Считая разговор законченным, Коробов подошел к другому бойцу.
— Тебе придется… — Но он не договорил, что придется делать второму: растерянное выражение его лица смутило сержанта, и он оглянулся, уже чувствуя, что, допустив какую-то оплошность, попал впросак…
Облюбованный им «дубок» стоял, не собираясь приступать к своим обязанностям, и смотрел из-под темных бровей на командира взвода так, точно прощупывал его суровыми кареватыми глазами, но в глубине их уже вспыхнула усмешка.
«Хорош, такой-сякой, — казалось, говорили и взгляд и усмешка, — не дал человеку дух перевести и сразу взвалил на него пушку, да еще миномет в придачу».

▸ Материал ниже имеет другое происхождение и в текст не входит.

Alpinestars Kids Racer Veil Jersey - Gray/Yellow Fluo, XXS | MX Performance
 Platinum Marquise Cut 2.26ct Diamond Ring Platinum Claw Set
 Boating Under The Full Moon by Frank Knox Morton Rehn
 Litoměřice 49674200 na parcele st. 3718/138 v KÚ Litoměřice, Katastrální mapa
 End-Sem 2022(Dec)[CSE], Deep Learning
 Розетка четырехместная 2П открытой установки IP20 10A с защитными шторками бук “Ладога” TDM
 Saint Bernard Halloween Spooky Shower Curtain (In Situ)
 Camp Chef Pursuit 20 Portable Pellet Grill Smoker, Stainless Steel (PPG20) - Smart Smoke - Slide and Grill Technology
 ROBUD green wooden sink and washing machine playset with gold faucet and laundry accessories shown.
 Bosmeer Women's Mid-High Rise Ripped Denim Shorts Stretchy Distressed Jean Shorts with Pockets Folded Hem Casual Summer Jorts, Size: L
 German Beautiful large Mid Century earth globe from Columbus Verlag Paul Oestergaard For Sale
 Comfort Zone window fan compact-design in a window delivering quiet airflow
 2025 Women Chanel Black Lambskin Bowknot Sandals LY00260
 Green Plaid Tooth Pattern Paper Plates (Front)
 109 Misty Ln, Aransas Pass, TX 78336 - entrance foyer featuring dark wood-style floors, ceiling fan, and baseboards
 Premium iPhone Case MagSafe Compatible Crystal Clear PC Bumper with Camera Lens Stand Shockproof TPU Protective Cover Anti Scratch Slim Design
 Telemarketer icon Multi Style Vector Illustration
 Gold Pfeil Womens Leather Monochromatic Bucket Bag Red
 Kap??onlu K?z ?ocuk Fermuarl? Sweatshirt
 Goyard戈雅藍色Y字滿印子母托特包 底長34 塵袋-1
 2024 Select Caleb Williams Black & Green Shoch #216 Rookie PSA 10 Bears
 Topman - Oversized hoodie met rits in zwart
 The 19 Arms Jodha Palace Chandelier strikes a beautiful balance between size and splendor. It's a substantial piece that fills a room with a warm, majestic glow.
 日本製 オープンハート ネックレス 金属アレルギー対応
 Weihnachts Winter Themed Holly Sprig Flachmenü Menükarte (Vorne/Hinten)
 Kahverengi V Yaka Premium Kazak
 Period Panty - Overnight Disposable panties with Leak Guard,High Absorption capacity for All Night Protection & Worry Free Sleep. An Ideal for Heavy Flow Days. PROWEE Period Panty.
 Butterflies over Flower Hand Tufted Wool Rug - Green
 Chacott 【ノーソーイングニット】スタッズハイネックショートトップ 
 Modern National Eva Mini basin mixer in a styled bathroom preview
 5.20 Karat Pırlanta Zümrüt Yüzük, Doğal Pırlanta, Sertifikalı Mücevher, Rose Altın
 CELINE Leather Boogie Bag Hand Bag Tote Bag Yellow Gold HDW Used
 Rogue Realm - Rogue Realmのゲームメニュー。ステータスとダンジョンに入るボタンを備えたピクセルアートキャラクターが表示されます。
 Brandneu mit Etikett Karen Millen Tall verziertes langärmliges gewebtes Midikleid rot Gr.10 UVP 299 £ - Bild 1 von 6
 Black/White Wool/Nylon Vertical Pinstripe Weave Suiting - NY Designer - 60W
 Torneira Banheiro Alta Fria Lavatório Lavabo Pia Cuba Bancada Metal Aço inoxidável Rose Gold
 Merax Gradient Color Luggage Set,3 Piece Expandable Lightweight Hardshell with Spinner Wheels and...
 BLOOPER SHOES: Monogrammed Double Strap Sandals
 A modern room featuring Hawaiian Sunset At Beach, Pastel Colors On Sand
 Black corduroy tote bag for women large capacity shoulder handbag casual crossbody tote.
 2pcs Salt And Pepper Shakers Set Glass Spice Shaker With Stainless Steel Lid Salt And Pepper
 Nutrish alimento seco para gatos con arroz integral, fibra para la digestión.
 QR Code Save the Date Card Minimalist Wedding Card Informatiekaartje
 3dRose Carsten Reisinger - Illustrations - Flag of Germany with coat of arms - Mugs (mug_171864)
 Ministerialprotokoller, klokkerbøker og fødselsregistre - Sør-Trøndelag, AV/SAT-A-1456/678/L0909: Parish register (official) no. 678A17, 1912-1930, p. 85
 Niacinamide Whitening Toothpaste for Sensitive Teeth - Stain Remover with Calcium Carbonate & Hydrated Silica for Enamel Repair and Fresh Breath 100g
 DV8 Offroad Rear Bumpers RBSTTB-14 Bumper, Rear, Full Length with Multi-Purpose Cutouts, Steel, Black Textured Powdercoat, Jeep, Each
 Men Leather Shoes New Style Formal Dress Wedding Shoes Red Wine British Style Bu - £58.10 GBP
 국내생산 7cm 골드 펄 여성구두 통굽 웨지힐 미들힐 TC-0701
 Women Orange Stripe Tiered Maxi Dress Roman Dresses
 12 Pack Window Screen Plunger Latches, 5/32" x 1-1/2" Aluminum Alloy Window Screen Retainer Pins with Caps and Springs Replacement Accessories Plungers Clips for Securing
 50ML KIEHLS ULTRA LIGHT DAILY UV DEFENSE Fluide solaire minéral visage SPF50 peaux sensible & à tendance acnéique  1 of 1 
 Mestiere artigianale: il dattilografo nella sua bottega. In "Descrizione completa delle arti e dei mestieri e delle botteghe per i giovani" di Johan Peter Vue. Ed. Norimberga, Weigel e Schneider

Какую силу может иметь человеческий взгляд!
«Ишь ты! Прицелился глазом — невозможно стоять».
Чувствуя, как жарко загорелись у него уши, Коробов с неловкой, печальной улыбкой сказал:
— У нас сегодня убили трех бойцов. И просто некого туда определить — все заняты.
И еще другое мелькнуло у Коробова: «Мало ли у фашистов знатоков русского языка! Вдруг и подкоп, и эти ящики — шут его знает, что в них, может, кирпичи — хитрость военная. Как ударят сейчас из глубины черного провала…» Подавшись в сторону, Иван весь подобрался, рука его невольно потянулась к поясу, где висели гранаты, и в лице появилась злая решимость.